Kubernetes is a highly popular and widely used container orchestration platform designed to deploy and manage containerized applications at a scale, with strong horizontal scaling capabilities that can support up to 5,000 nodes; the only limit in adding nodes to your cluster is your budget. However, its vertical scaling is restricted by its default configurations, with a cap of 110 pods per node. To maximize the use of hardware resources and minimize the need for costly horizontal scaling, users can adjust the kubelet maximum pod configuration to increase this limit allowing more pods to run concurrently on a single node.
To avoid network performance issues and achieve efficient horizontal scaling in a Kubernetes cluster that is tasked to run a large number of pods, high-speed links and switches are essential. A reliable and flexible Software Defined Networking (SDN) solution, such as Calico, is also important for managing network traffic efficiently. Calico has been tested and proven by numerous companies for horizontal scaling, but in this post, we will discuss recent improvements made to help vertical scaling of containerized applications to just work.

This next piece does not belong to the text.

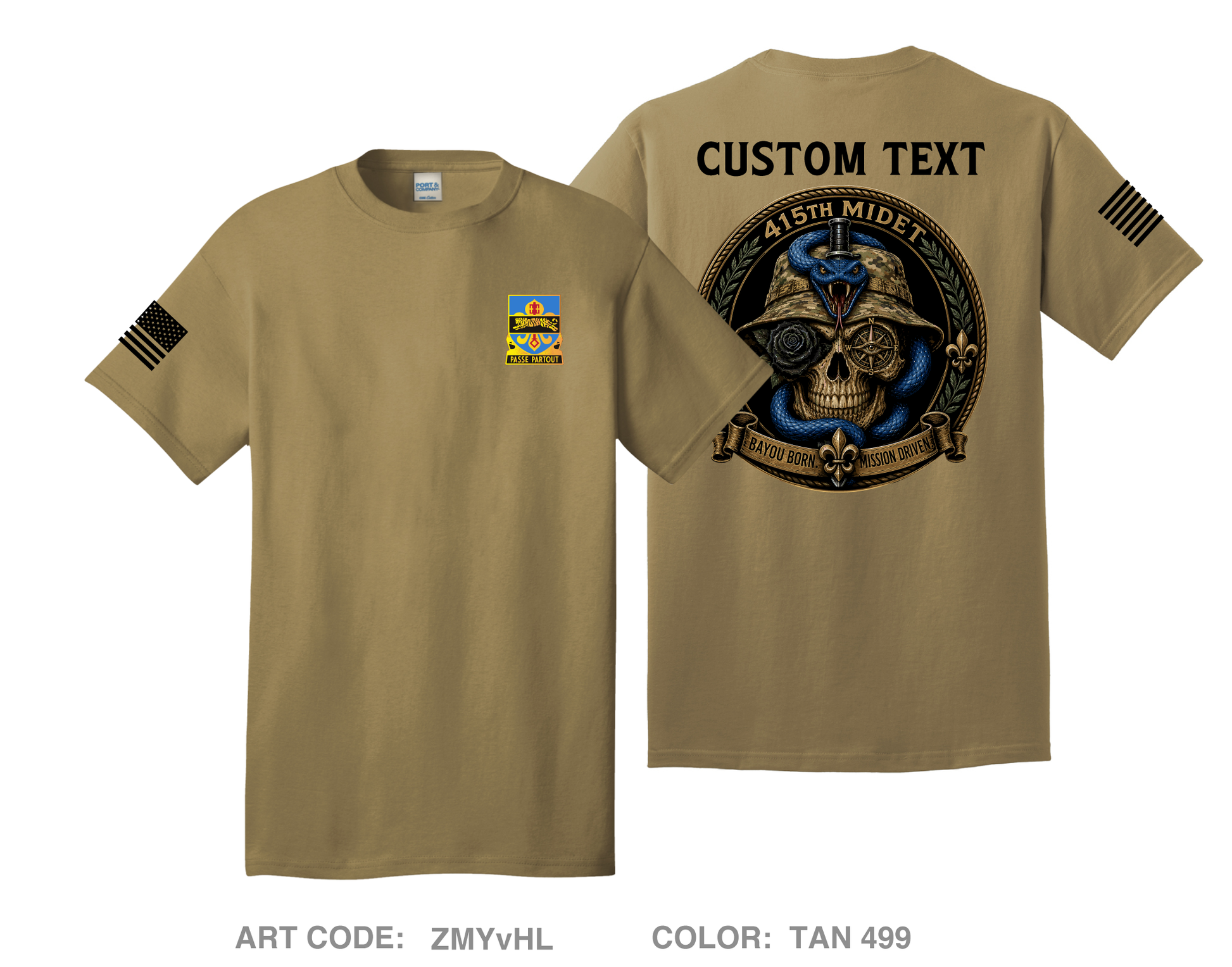 CUSTOM 415th BN MIDET Comfort Unisex Cotton SS Tee - ZMYvHL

For example, the following chart illustrates the efficiency achieved with the improvements of vertical scaling in Calico 3.25.1 and above. As you can see after the initial preparation at 00:24 time scale where calico-node surged to 0.500 the resource utilization came down and stayed lower than 0.250. Next we will dive into the importance of such a behavior and discuss it further.
Note: Utilization in the chart is stacked.
In this blog post, we will explore the benefits of vertical scaling, and how you can implement such a change for your cluster, and prepare you for the impact that it can have on your network. We will also explore how Calico 3.25.1 and above will aid you in running highly efficient vertically scalable clusters and prepare you for the future of cloud computing.
Vertical scaling highlights
As the popularity of Kubernetes continues to grow, users are becoming increasingly aware of the platform soft limits and are looking for ways to increase them. Recently, in response to popular demand Red Hat announced that they are working on allowing users to run 500 pods (from 250 pods) on their Kubernetes nodes. This change will bring more attention to such soft limits and will allow more people to take advantage of the flexibility and scalability of Kubernetes.
Kubernetes has a well-known ability to scale horizontally, allowing it to support up to 5,000 nodes. However, when it comes to vertical scaling, the default configuration sets a limit of 110 pods per node. If you want to increase the number of pods that a single node can run, you need to modify the kubelet configurations on each participating node within your cluster. If done right, it can help you optimize your hardware resources and reduce the need for horizontal scaling. It’s important to note that horizontal scaling (additional nodes) to your cluster can significantly increase your cloud spending, which is why vertical scaling can be a cost-effective way to tame the cloud bills and achieve the desired performance with your current nodes.
What about Calico?
Calico was Initially designed to support 100 pods per node with a tolerance allowing it to reach up to 250 pods per node, which provided ample headroom for additional pods when necessary. This additional capacity was particularly useful for testing scenarios that required a higher number of pods than what Kubernetes default configuration allowed.
As a leading provider of container networking and security solutions, Calico is committed to ensuring optimal performance for its users, and we recognized that there could be a performance bottleneck beyond the 250 pods per node. But there is nothing to worry about, Calico version 3.26.0 will include improvements that address and resolve these bottlenecks, opening up new possibilities for deploying a larger number of pods on a single worker. The best part is that you don’t have to wait for the new version to arrive; these improvements have already been backported to Calico v3.25.1, and the installation process can be found on the documentation website.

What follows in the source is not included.